Exercise description
Set down exactly, from the records below, the line with "SpaceAid Spice Jars" through the line with "Coin, United States, Dime, 1941, San", and nothing else.

Data for the task
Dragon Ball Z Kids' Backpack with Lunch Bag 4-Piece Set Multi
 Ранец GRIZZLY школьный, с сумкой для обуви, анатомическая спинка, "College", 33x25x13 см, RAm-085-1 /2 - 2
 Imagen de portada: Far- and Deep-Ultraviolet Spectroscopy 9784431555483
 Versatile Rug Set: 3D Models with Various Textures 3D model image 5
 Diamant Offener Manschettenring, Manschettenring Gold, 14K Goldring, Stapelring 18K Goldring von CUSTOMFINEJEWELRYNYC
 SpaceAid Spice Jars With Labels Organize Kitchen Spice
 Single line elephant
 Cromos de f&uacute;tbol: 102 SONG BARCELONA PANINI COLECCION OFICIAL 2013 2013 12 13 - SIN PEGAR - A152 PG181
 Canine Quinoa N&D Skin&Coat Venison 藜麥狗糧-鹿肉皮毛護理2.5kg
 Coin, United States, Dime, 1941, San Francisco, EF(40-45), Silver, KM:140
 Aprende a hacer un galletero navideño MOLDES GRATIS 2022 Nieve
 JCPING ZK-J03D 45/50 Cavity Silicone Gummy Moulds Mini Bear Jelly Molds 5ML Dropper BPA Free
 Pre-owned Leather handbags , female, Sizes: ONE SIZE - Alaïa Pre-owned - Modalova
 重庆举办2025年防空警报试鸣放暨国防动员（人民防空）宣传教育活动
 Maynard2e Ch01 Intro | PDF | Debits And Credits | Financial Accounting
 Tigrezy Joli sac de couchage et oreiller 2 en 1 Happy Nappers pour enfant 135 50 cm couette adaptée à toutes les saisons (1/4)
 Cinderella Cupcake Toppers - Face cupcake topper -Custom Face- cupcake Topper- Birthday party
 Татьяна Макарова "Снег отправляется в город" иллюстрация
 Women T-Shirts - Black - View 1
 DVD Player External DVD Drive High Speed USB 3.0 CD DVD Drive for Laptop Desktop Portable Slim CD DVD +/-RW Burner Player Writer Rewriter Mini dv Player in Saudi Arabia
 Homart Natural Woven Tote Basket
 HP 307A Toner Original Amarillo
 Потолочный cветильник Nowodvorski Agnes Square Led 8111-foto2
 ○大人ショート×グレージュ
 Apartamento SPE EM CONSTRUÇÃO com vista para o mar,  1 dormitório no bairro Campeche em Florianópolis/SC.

Response area
 SpaceAid Spice Jars With Labels Organize Kitchen Spice
 Single line elephant
 Cromos de f&uacute;tbol: 102 SONG BARCELONA PANINI COLECCION OFICIAL 2013 2013 12 13 - SIN PEGAR - A152 PG181
 Canine Quinoa N&D Skin&Coat Venison 藜麥狗糧-鹿肉皮毛護理2.5kg
 Coin, United States, Dime, 1941, San Francisco, EF(40-45), Silver, KM:140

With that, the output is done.